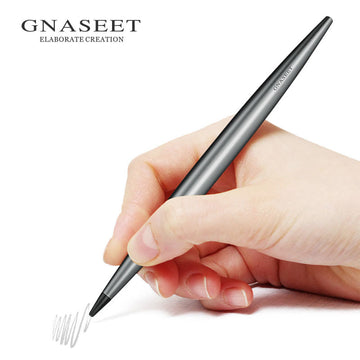 Inkless Eternal Metal Pen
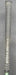 TaylorMade Mid Tour 17° 3 Wood Regular Graphite Shaft TaylorMade Grip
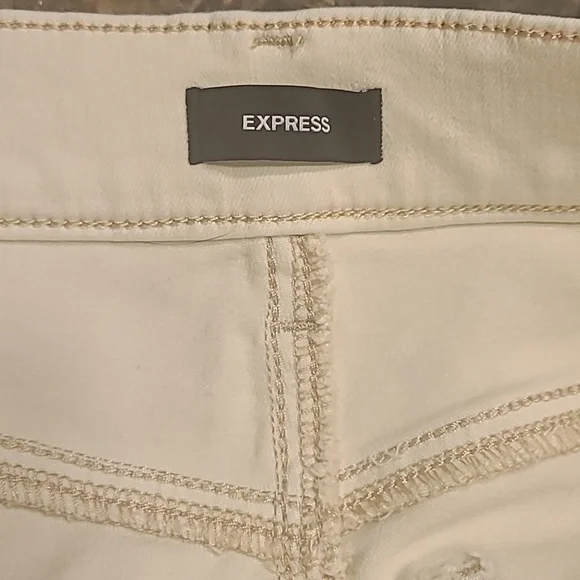 E U C Express Midrise Skyscraper 8S - Picture 8 of 12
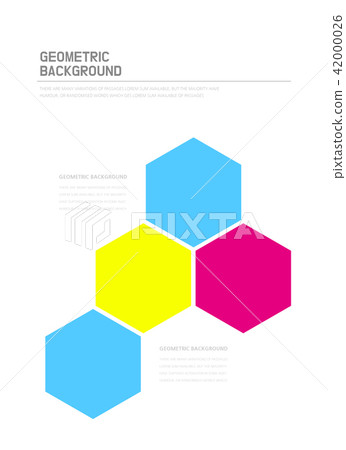 Layout Design 4 42000026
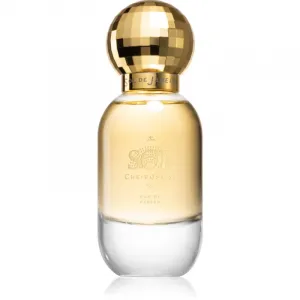 Sol de Janeiro SOL Cheirosa '62 parfumovaná voda pre ženy 50 ml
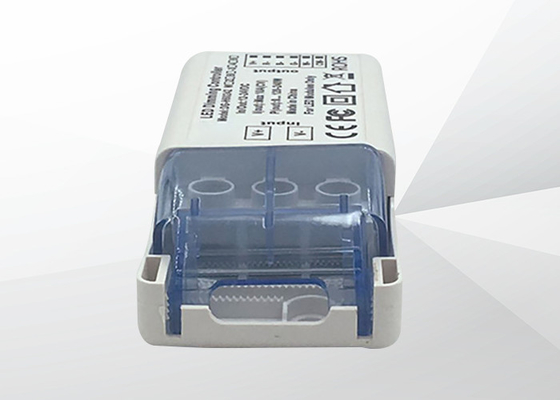 着色低電圧ランプ LED 調光コントローラー Bi 色温度無段階 10A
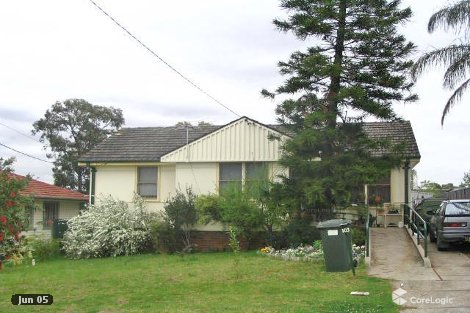 103 Strickland Cres, Ashcroft, NSW 2168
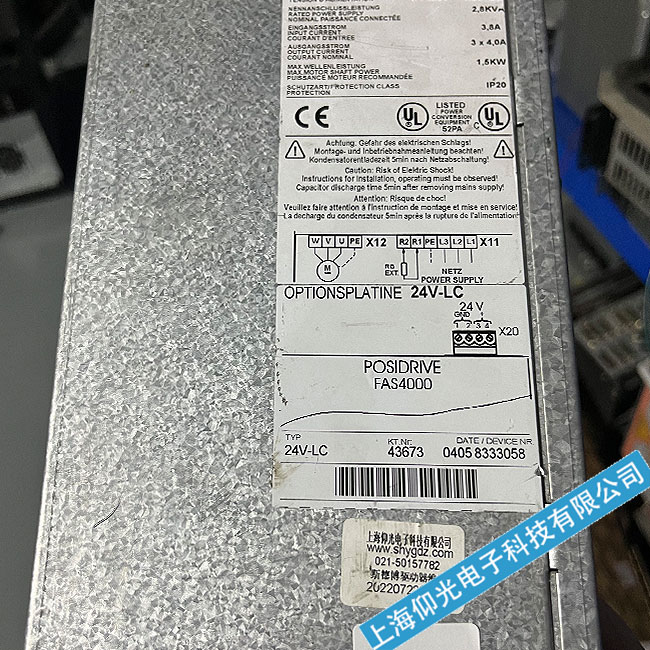 ˹�²��(q��)�������\(y��n)�D(zhu��n)�^���ԭ��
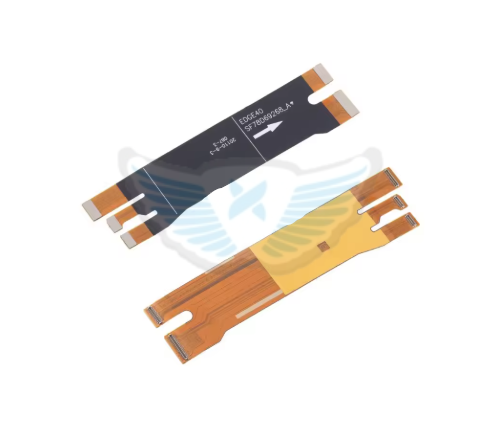 FLAT COLLEGAMENTO BOARD MOTOROLA XT2303 EDGE 40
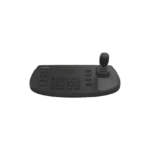 Controlador IP para DVR, NVR y PTZ a través de Red / Soporta RS-485 / Compatible con epcom, HiLook y HIKVISION - Image 2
------------------------------------------------------------
**What you will do:** Exactly reproduce the lines beginning at the one that contains "FLAT COLLEGAMENTO BOARD" and ending at the final line of the material, with the pictures left out.

**Your response:**
 FLAT COLLEGAMENTO BOARD MOTOROLA XT2303 EDGE 40
 Controlador IP para DVR, NVR y PTZ a través de Red / Soporta RS-485 / Compatible con epcom, HiLook y HIKVISION - Image 2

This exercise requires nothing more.